* Exercise:
Below are records with pictures in them. Output exactly the lines from the one with "Galatasaray'da sahte imza depremi" through the one with "Cover of: So, Where'd", both included, and leave every picture out; give only those lines.

Short web captions:
· · ·
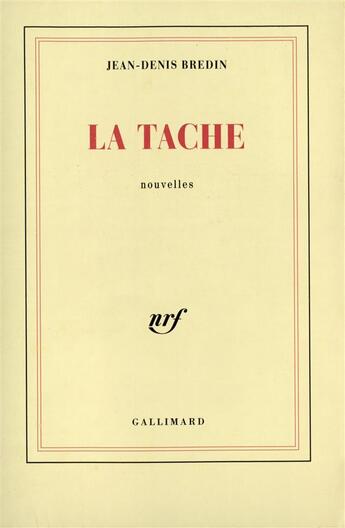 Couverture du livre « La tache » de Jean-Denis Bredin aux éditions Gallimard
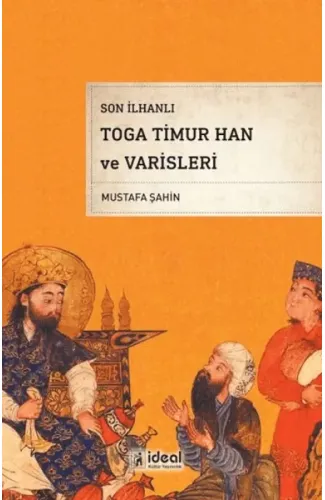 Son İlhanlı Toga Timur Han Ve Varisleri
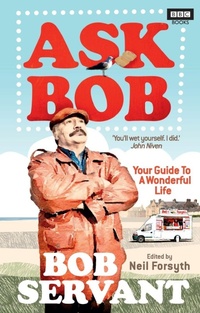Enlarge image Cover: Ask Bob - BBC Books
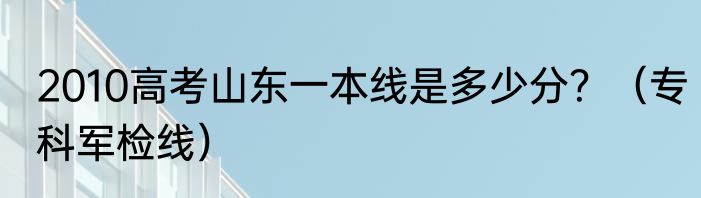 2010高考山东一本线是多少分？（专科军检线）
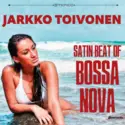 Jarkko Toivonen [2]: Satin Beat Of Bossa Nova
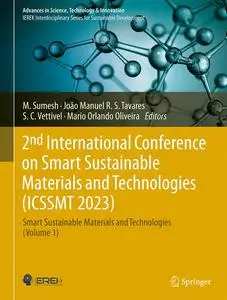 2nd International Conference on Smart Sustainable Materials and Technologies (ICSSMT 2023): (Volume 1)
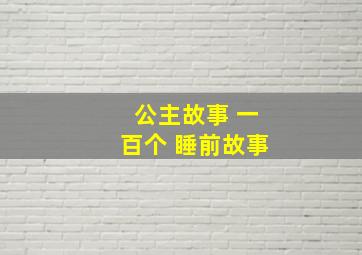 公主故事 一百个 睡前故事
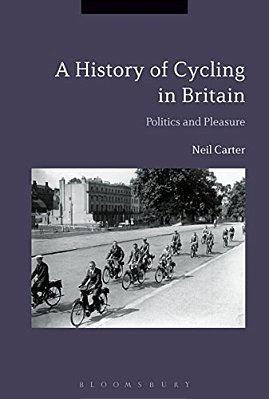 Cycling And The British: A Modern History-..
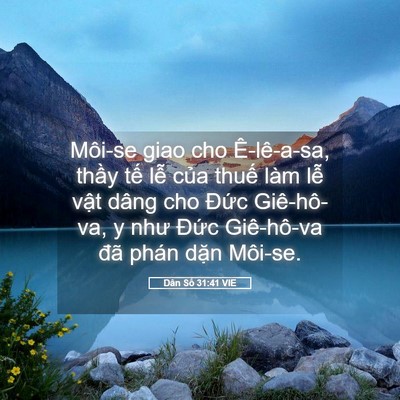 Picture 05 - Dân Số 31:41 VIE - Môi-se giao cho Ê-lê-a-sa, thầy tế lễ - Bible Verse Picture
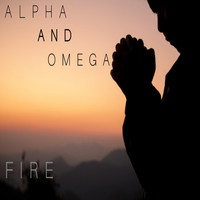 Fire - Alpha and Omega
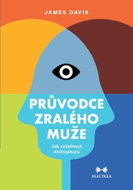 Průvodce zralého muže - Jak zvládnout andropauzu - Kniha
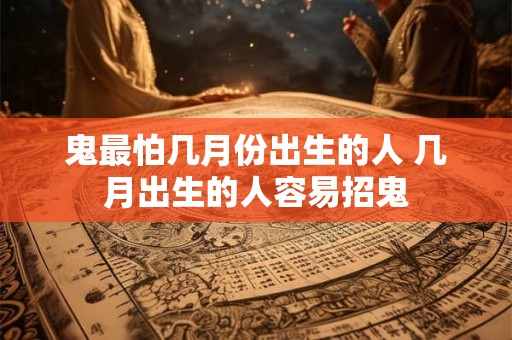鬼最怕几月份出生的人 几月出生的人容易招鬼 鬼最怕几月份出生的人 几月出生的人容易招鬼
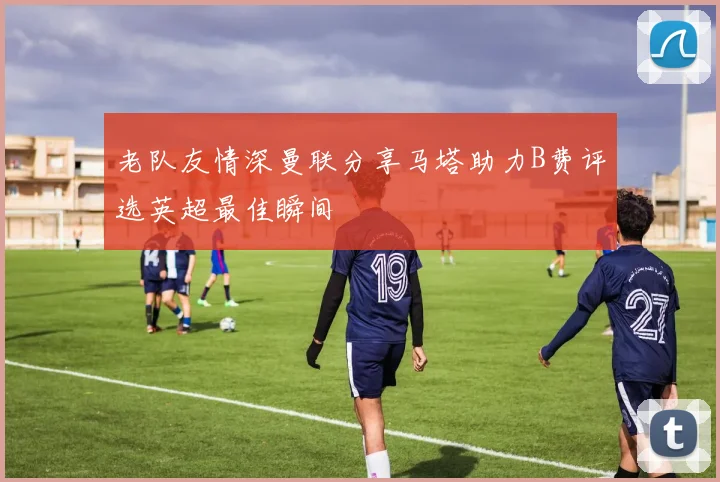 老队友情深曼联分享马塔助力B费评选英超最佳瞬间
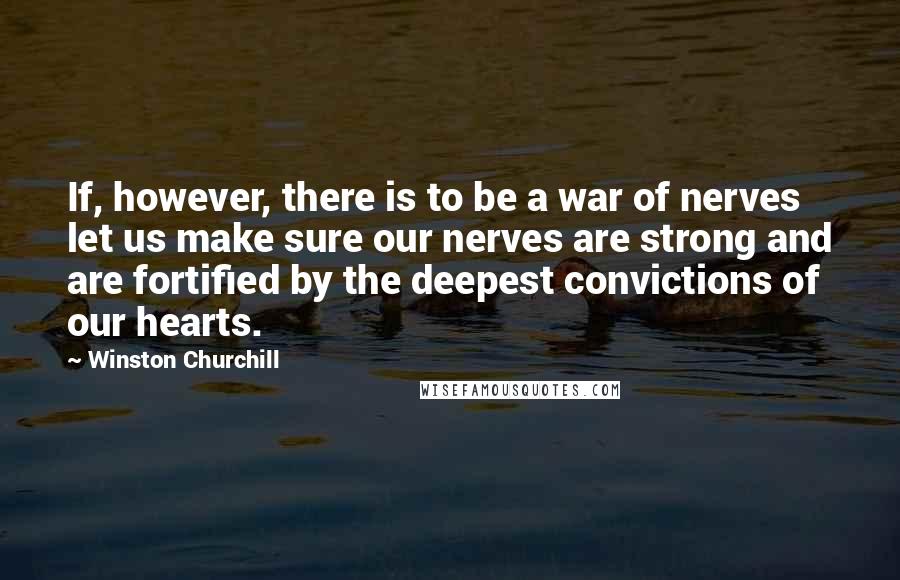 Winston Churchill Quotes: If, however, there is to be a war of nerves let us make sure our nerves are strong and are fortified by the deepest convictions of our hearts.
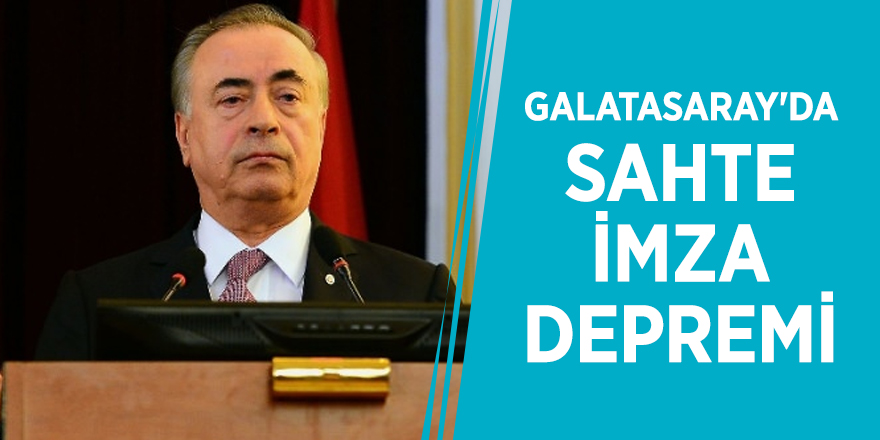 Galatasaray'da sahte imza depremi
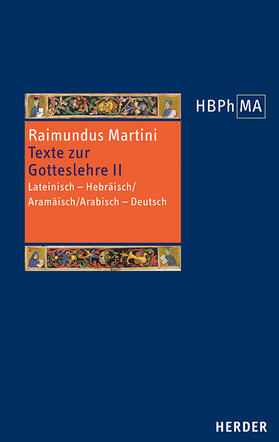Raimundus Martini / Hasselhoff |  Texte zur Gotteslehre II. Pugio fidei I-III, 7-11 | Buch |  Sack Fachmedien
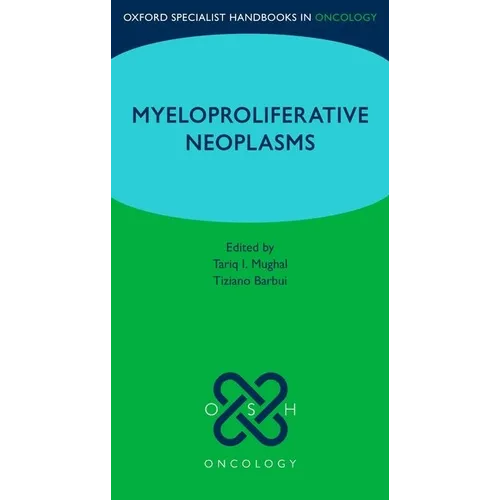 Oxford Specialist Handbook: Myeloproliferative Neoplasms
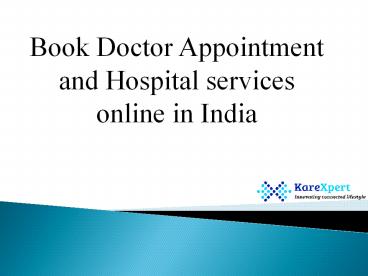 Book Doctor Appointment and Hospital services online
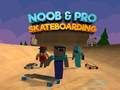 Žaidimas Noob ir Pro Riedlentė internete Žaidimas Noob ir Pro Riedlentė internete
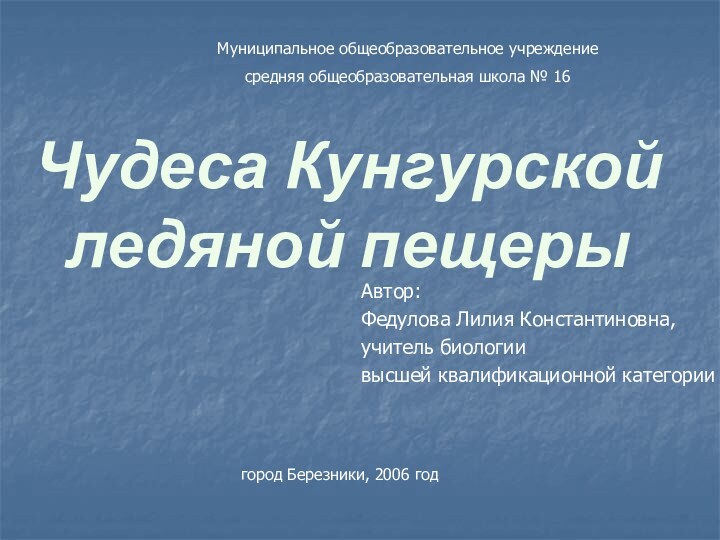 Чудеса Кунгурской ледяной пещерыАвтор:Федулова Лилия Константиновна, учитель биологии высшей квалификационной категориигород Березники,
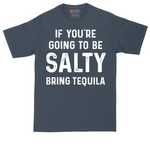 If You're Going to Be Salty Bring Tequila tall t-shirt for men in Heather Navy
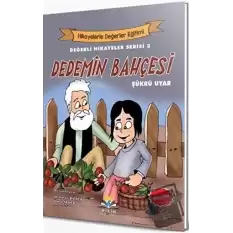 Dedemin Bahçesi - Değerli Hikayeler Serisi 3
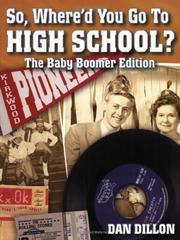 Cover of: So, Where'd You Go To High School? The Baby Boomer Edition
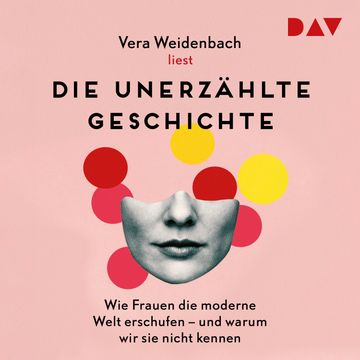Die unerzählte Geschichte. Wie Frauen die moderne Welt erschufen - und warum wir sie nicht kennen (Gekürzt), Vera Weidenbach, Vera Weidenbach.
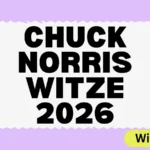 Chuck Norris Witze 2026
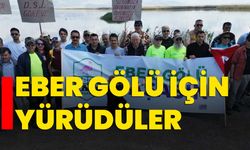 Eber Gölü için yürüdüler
· · ·
* Response area:
 Galatasaray'da sahte imza depremi
Raimundus Martini / Hasselhoff |  Texte zur Gotteslehre II. Pugio fidei I-III, 7-11 | Buch |  Sack Fachmedien
 Oxford Specialist Handbook: Myeloproliferative Neoplasms
 Book Doctor Appointment and Hospital services online
 Žaidimas Noob ir Pro Riedlentė internete Žaidimas Noob ir Pro Riedlentė internete
 Чудеса Кунгурской ледяной пещерыАвтор:Федулова Лилия Константиновна, учитель биологии высшей квалификационной категориигород Березники,
 If You're Going to Be Salty Bring Tequila tall t-shirt for men in Heather Navy
 Dedemin Bahçesi - Değerli Hikayeler Serisi 3
 Cover of: So, Where'd You Go To High School? The Baby Boomer Edition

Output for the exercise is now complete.